With the Sustainable Development Goals (SDGs) set to be announced during the UN General Assembly this September, governments have been turning their attention to how this new agenda will be implemented. Establishing indicators to measure progress is a high priority because when it comes to incentives for action what gets measured ends up being more important than the broader goals they represent.
Ambitions are high but must be matched with capacities to deliver. For many countries even the process of measuring progress will be an enormous effort as there are over 300 indicators proposed in the first round, including complex indexes, multidimensional propositions and others more loosely defined. Indicators must be compatible with national realities and the ability to collect the data. Thus, the UN system should play a large role in supporting governments of developing countries in undertaking this task.

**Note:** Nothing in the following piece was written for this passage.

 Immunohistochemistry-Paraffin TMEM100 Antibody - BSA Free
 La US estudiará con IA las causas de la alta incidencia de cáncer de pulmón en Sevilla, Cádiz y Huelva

Through a series of consultations and revisions set to happen between August and mid-November, the UN Inter-Agency Expert Group on SDG Indicators (IAEG) will finalize the selection. At the national level, this means that now is the time for statisticians and data producers to become more involved and for leadership of the SDGs indicators to shift away from the political towards the technical. Once considered the domain of technocrats, the process to define clear and feasible measures for the SDGs has become highly politicized, with diplomats now playing as large a role as statisticians. The challenge will be to strike a balance between political commitments to leave no one behind, disaggregating data for gender, race, ethnicity, location, etc. and technical capacities to deliver.
As the host of the Rio+20 Conference, which gave birth to the SDGs idea, Brazil is heavily invested in the post-2015 process both at home and internationally. The RIO+ Centre and UNDP have been supporting these efforts. Following the June meeting of the IAEG, Brazil, as the group’s representative of Mercosur and Chile, brought together the national statistics institutes of each country to discuss the process, obtain initial feedback on the proposed indicators, and share a model for domestic consultations.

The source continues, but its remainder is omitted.